The problem with that is, of course, if Morgan Edge was now going to be a regular part of the series as Clark's new TV boss, it really did not necessarily work to have Edge as an outright crime boss, as well (although, honestly, it would not have been a terrible set-up, but perhaps a bit too out there for the early 1970s). So it was quickly established that the evil Morgan Edge in Jimmy Olsen was a clone of the real Morgan Edge created by Darkseid. The clone was then destroyed and the real Morgan Edge took over his own life.
Edge then continued to be a regular feature in the pages of Superman and Action Comics. He was a strong foil for Clark Kent and Superman, as he obviously had a much different view towards the news than the almost saintly Perry White, and it was good to see Clark have to deal with the mercurial whims of a boss like Edge, who was constantly looking for an angle that he could exploit. Like when Clark wrote a book about Kryptonian history, Edge was already planning on turning it into a TV miniseries a la Roots. Clark's morality stood out greater when contrasted with Edge's outlook on life (the same, of course, went for Clark's TV co-worker, sports reporter, Steve Lombard).
However, while Edge was not always exactly a boy scout, nor was he necessarily a bad person, either. He was basically just your stereotypical sitcom boss. A bit of a pain to deal with, but in the end, he clearly did care about his employees. In one memorable story in Action Comics #468, we learned a bit more about the history of Morgan Edge, including the fact that he was trying to hide his real name (the story is not explicit in saying that Edge was Jewish and trying to cover up his heritage, but that's obviously what the story was about).
Edge remained a prominent member of the Superman supporting cast throughout the 1970s and well into the 1980s. Then Crisis on Infinite Earths happened, and the Superman titles were rebooted. Clark had already gone back to the Daily Planet before Crisis, but now his TV career was completely erased from history. When Morgan Edge was then introduced into the comics after Crisis on Infinite Earths, he was now back to his original form as intended by Jack Kirby. He was a media mogul but also part of the Apokoliptian criminal organization known as Intergang.
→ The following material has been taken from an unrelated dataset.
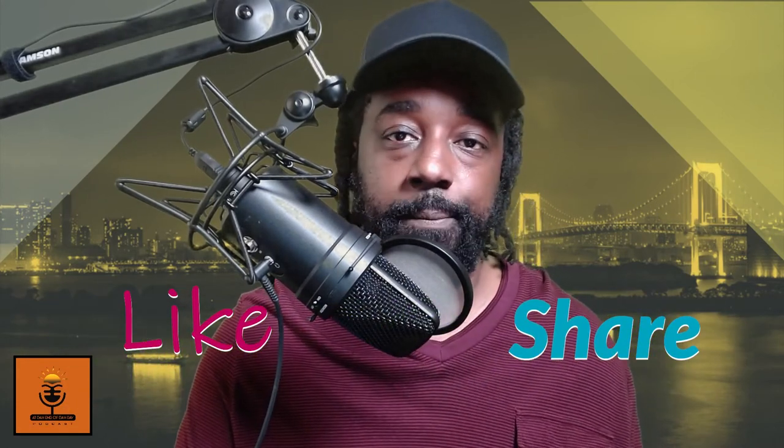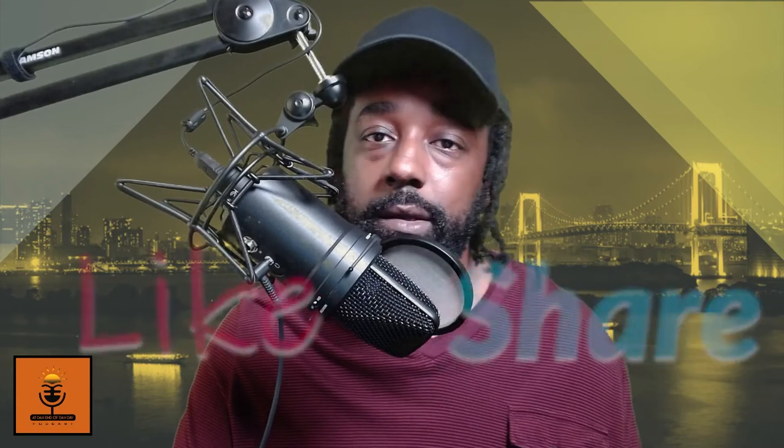I've bored you enough. If you like this video, please like, share, and subscribe. I've got more on the way. If there's anything you want me to do a video on, please let me know — at the end of the day.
While evil, Edge still maintained some of the charms that he had in the Pre-Crisis stories, as he was always a smooth talker. Edge dated Daily Planet reporter Cat Grant for quite a while, and after he was exposed as a criminal and went to prison, he wrote a bestselling autobiography, On the Edge, that dragged Grant's name through the mud. By the time that the New 52 came around, Edge had been relegated to the backburner for many years, but had recently gotten a bit of a boost by being shown as an Anti-Kryptonian pundit during the New Krypton storyline.
In the New 52 relaunch of the Superman titles, perhaps in an homage to his role in the 1970s Superman soft reboot, Morgan Edge is once again causing chaos in the lives of the Daily Planet staff, as he bought the Daily Planet in Superman (Vol.3) #1. Here, Edge is depicted as African-American...
In a twist on the 1970s set-up, this time it was Lois Lane that was hired by Edge's TV division. This version of Edge did not play a major role in the overall series and during DC Rebirth, he sold the Daily Planet to Lex Luthor.
The original Jack Kirby version of Morgan Edge, as an over-the-top capitalist who was secretly an evil criminal mastermind, is a great character setup for a recurring TV villain, and the Post-Crisis history between Edge and Cat Grant could only serve to tie in even better with Supergirl in Season 3.